Debolezza istituzionale e carenza di visione economica: così il Salento sta perdendo l’occasione di utilizzare in modo produttivo le energie alternative. Con un solo aerogeneratore, un comune potrebbe contare su entrate uguali alle briciole che incasseranno da 30 pale. Ogni pianta di Belvedere ha preso il posto di una quercia che i carbonai di Nociglia hanno sradicato nei secoli per farne legna da ardere o che i falegnami hanno utilizzato per realizzare traversine delle ferrovie. Terra amena, avrebbero detto gli antichi romani, e non orrida. Orrida lo è stata un tempo, luogo di fantasmi, paludi, intrico di vegetazione. Poi, l’uomo, con un lavoro durissimo, ne ha fatto un giardino di ulivi. In questo inverno piovoso, ruscelli si sono formati con le acque che dalle serre scendono verso la piana. Fino a 170 anni fa, sotto la serra di Supersano, c’era un lago per tre quarti dell’anno paradiso dei cacciatori e riferimento per le migrazioni degli uccelli. Poi un fossaro di Soleto, Giuseppe Manni, come ha rivelato il geografo Cosimo De Giorgi, riuscì a sfondare lo strato di argilla e l’acqua defluì in una cavità carsica. Il laghetto si chiamava Sombrino. Adesso l’acqua è raccolta dai canali della bonifica e si disperde nelle vore. A metà costone c’è un casale che dalla palude ha preso il nome ed è stato trasformato in agriturismo molto frequentato. Un po’ più su la masseria delle Stanzìe recuperata anch’essa.

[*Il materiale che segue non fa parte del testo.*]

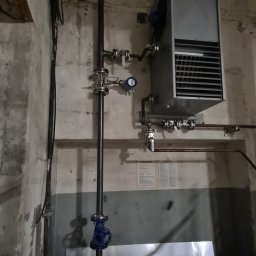 Gold-welder - Szara nagrzewnica przemysłowa z wentylatorem i rurami, zamontowana na betonowej ścianie z widocznymi instalacjami hydraulicznymi i elektrycznymi.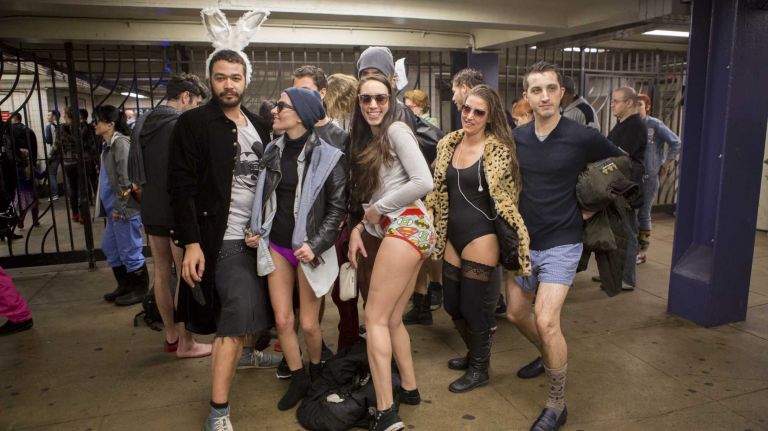 Participants in the No Pants Subway Ride pose while they wait for a train in their underwear in New York on Jan. 10, 2016.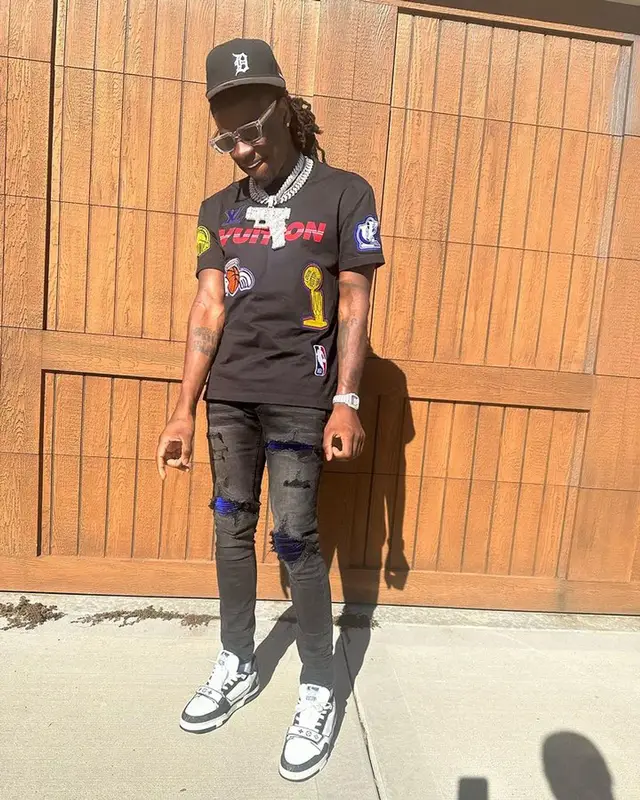 SleazyWorld Go outfit in Louis Vuitton, Saint Laurent, and New Era, 2023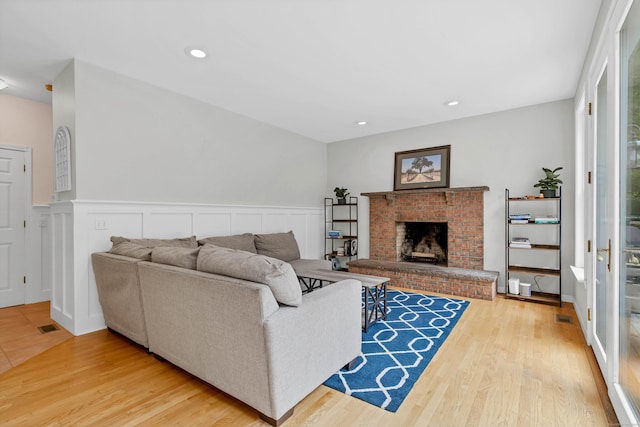 living area featuring a brick fireplace, wood finished floors, a wainscoted wall, and recessed lighting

I Paduli hanno dato da mangiare a generazioni di contadini. Migliaia di persone, partendo ogni mattina dai comuni della cintura, hanno disossato, recuperato suoli agricoli, arato, piantato ed eretto muretti per bloccare l’irruenza dell’acqua. Un lavoro durato secoli. Non si poteva vivere nei Paduli. Per questo le masserie e i casali sono dislocati nelle zone più alte. Ma la campagna vive con la presenza dell’uomo. La gente lavora, nascono aziende, c’è chi ha avviato fattorie per produrre ortaggi biologici. Sarà la crisi economica, sarà il richiamo della terra, ma sempre più persone guardano alla piana come un’occasione preziosa. La campagna del Salento non esiste più. Troppo urbanizzata a causa delle seconde e delle terze case. Gli inglesi recuperano i casali. I salentini cementificano. Resistono pezzi di territorio integro. E i Paduli sono uno di questi. Riconoscere la bellezza di un territorio comporta il superamento del torpore emotivo. Vivere il paesaggio non è semplice contemplazione. Pensare un territorio come luogo da valorizzare per la vita non significa stravolgerlo. E’ quello che sta accadendo a Paduli. Centinaia di pale eoliche e distese di fotovoltaico: non può essere questo il destino dell’ultima campagna del Salento. [t.t.]